Stemming from almost a decade of study into the impacts of property being stolen from Japanese Canadians around the Second World War, the University of Victoria is now taking a global look at the issue.
The Past Wrongs, Future Choices project will run until 2029 as it looks to advance the state of historical and interdisciplinary knowledge about how people of Japanese descent globally were uprooted, interned and dispossessed.
The study will build off of Landscapes of Injustice, a major research project that explored Canada seizing and selling the homes and property of Japanese Canadians in the 1940s and ‘50s. While many in Canada are likely aware of Japanese internment, the project explored how stripping people of their property removed them from their neighbourhoods, communities and businesses.

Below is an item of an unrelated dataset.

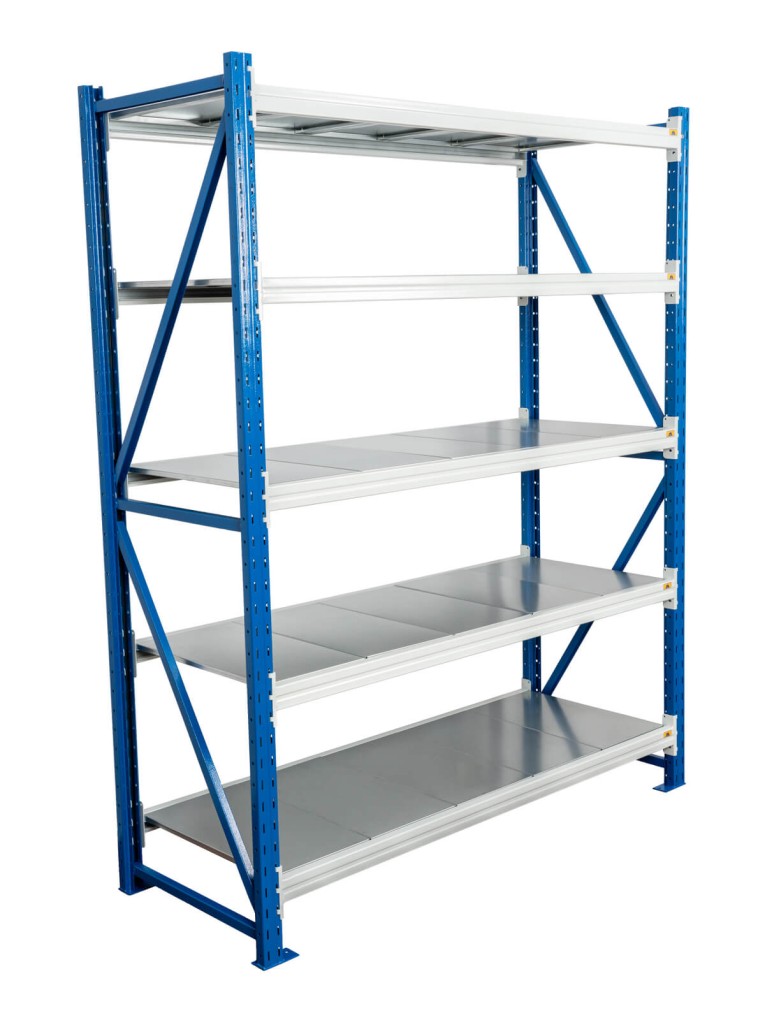 Стеллаж стационарный БиКом СТ-4 300x210x50 5 полок купить в Сургуте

“Our project really dug into that question of the permanent destruction of home that was part of the policy of the 1940s,” said UVic historian Jordan Stanger-Ross, who led the initiative.

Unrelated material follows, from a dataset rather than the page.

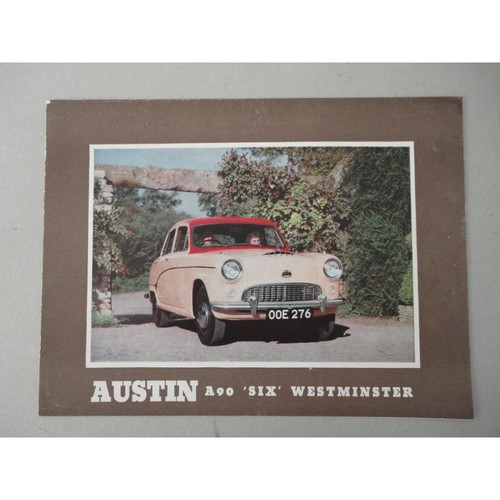 Austin a90 six - austin,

Through Past Wrongs, Future Choices, UVic and about 40 other organizations are now embarking on expanding the body of knowledge on how the Japanese diaspora around the world experienced internment or dispossession in allied countries. The project includes partners from the United States, Australia, Brazil and Japan.
“What does it mean to think about the internment of Japanese-Canadians from the perspective of a global history of anti-Asian racism and its manifestations in the 1940s?” said Stanger-Ross, the project’s co-director.

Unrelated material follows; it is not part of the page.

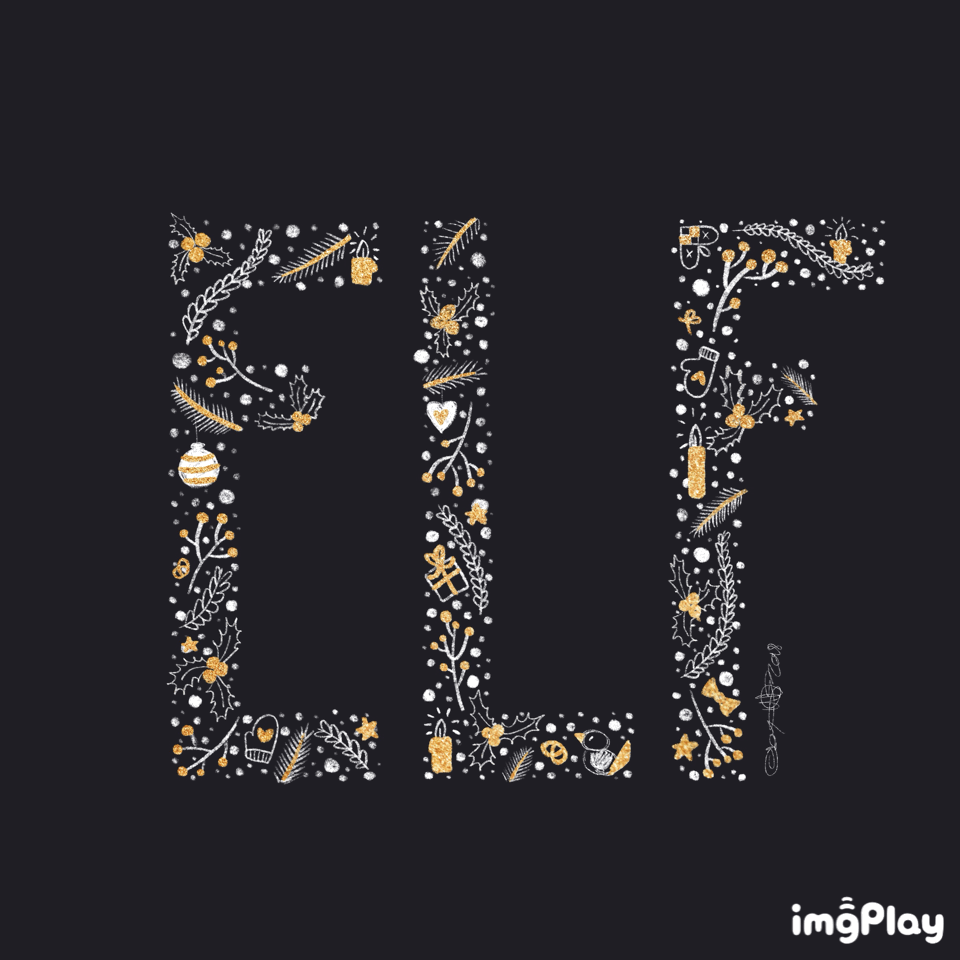 My wintery Lettering Project - image 1 - student project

Canada is likely second to only the U.S. when it comes to research into Japanese internment and that positions the country to be a leader in taking a global look at the issue, Stanger-Ross said. Many in this country know the story of internment from school or seeing it portrayed in art, but the topic isn’t as widely known in places like Australia and Brazil, the researcher added.
Whereas the Canadian government actively seized property and forced its sale, an Australian presenter told a UVic event last month about how their government denied responsibility for the injustices related to uprooting people of Japanese descent).
It’s an example of the comparative and transnational lens that will inform the project’s dive into the global harms of internment policies.
“What’s motivating some of us in Canada, like myself, is a new way of thinking about the history,” Stanger-Ross said.
Like its predecessor, Past Wrongs, Future Choices will lead to teaching resources, museum exhibits and a large digital archive. The new work will also be the subject of a documentary.
It’s important for society to critically engage with and pay attention to the mistreatment of people in the past, Stanger-Ross said.
“We need to do a lot of things to guard against those worst impulses that we have, but one of them is to study our history, so I hope the project can actively contribute to an environment of anti-racism in all of the countries participating.”